Implementing a Treasury Single Account in Niger

Ner
Posted by Matthieu Sarda[1]

The implementation of a treasury single account (TSA) is recognized as a core PFM reform. It allows countries to plan and manage their financial commitments by mobilizing resources more easily. Yet, as crucial as a TSA may be, its implementation has proved challenging in the eight West Africa Economic and Monetary Union (WAEMU) countries[2]. The reasons are political rather than technical. Public entities characteristically fear that by transferring funds to the TSA they will lose of control of the resources they manage.
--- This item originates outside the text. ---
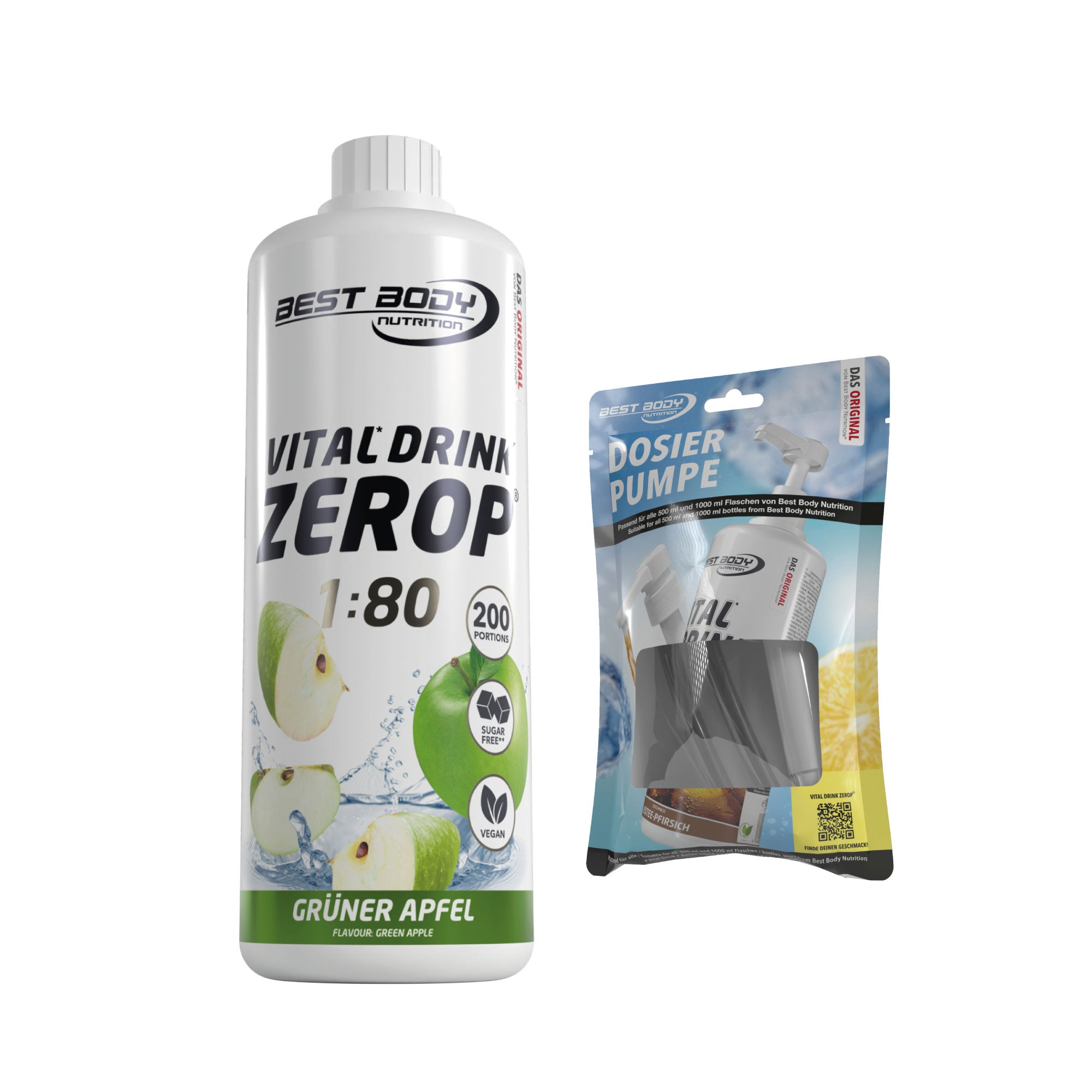 Vital Drink Zerop - Grüner Apfel - 1 L + Dosierpumpe#geschmack_gr-ner-apfel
There is some justification for these concerns. In many WAEMU countries, the management and use of public funds is less than optimal. Public entities such as établissements publics make extensive use of non-tax revenues and other own-resources to bolster their finances, and typically manage these resources through independent commercial bank accounts. This violates the basic principles of budget unity and universality. The present arrangements have two main consequences:

To address these issues, WAEMU governments, including in Niger, have introduced a legal obligation for public entities to deposit funds in the TSA held by the BCEAO[3], WAEMU’s central bank. Compliance with this obligation, which results from the transposition of WAEMU directives,[4] will require the closure of existing accounts in commercial banks and repatriation of their balances to the TSA.

The example of Niger casts light on four critical challenges.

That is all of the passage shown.